When Sayers had his knee surgery in 1968, there was no reconstruction effort. In a 2010 Sports Illustrated article about Sayers, the surgeon who performed his 2009 knee replacement said Sayers' anterior cruciate ligament was gone. His posterior cruciate ligament was stretched and frayed. His medial collateral ligament had been sewn or stapled as part of an ineffective repair attempt. A half-inch chunk of his tibia had been sawed off in an attempt to ease arthritic pain. And his cartilage had been worn away and replaced by dust and fragments from the bones rubbing together for decades.

When he reconstructs the ACLs of professional athletes today, Birmingham says he usually uses the patellar tendon, which has been shown to have a better connection to the bone and a quicker rehab. A hamstring tendon also can be used. Both offer vast improvements over any options of a generation ago.

Running back Gale Sayers of the Chicago Bears, who underwent surgery for a severe knee injury, does some conditioning on a leg exercise machine in Chicago on Dec. 11, 1969. Sayers did return from his knee injury in 1968, but he was never quite the same and retired early. associated press

"There are good studies out there on professional athletes," Birmingham says. The playing career of an athlete with a rebuilt ACL "is not shortened in any significant way," Birmingham says.

While Sayers rehabbed well enough to lead the league in rushing the season after his surgery, he was slower. He suffered an injury to his left knee in 1970, never returned to his old form, and retired before the start of the 1972 season.

That shouldn't be the case with Schwarber or even the teenage soccer-playing girls for whom Birmingham has reconstructed ACLs.

"They should get back to the same level as before," the doctor says. He expects Schwarber to play next season.

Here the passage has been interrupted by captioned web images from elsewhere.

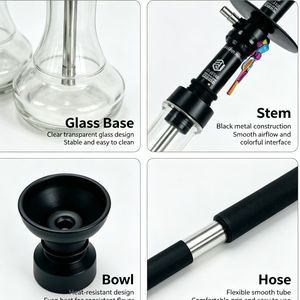 Juego de Cachimba de Lujo Blanco con Diseño de Granada de Mano, Botella de Acero Inoxidable con Acabado Espejo - Product Image 6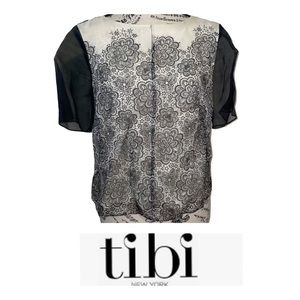 Tibi New York Organza Blouse Size Medium EUC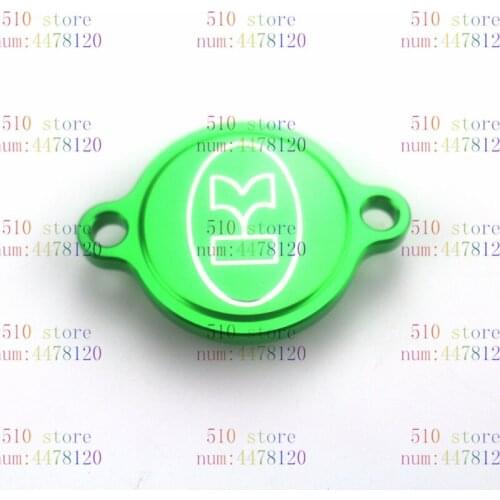 Green CNC Billet Engine Oil Filter Cover For Kawasaki KX250F KX 250F KXF250 2004-2015 MX spare parts dirt pit bike Motorcross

Cubs slugger Kyle Schwarber tweeted this picture Wednesday from his hospital bed while recovering from his knee surgery. Twitter

Birmingham, who avoided knee injuries while playing football for Holy Cross University in Worcester, Massachusetts, was a physician for the New York Giants in the NFL before moving to Chicago and taking the position with the Bears.

"I'm a casual baseball fan," says Birmingham, who was born into an East Coast family with a mom who rooted for the New York Yankees and a dad who was a die-hard fan of the Boston Red Sox. "But I'm absolutely rooting for the Cubs."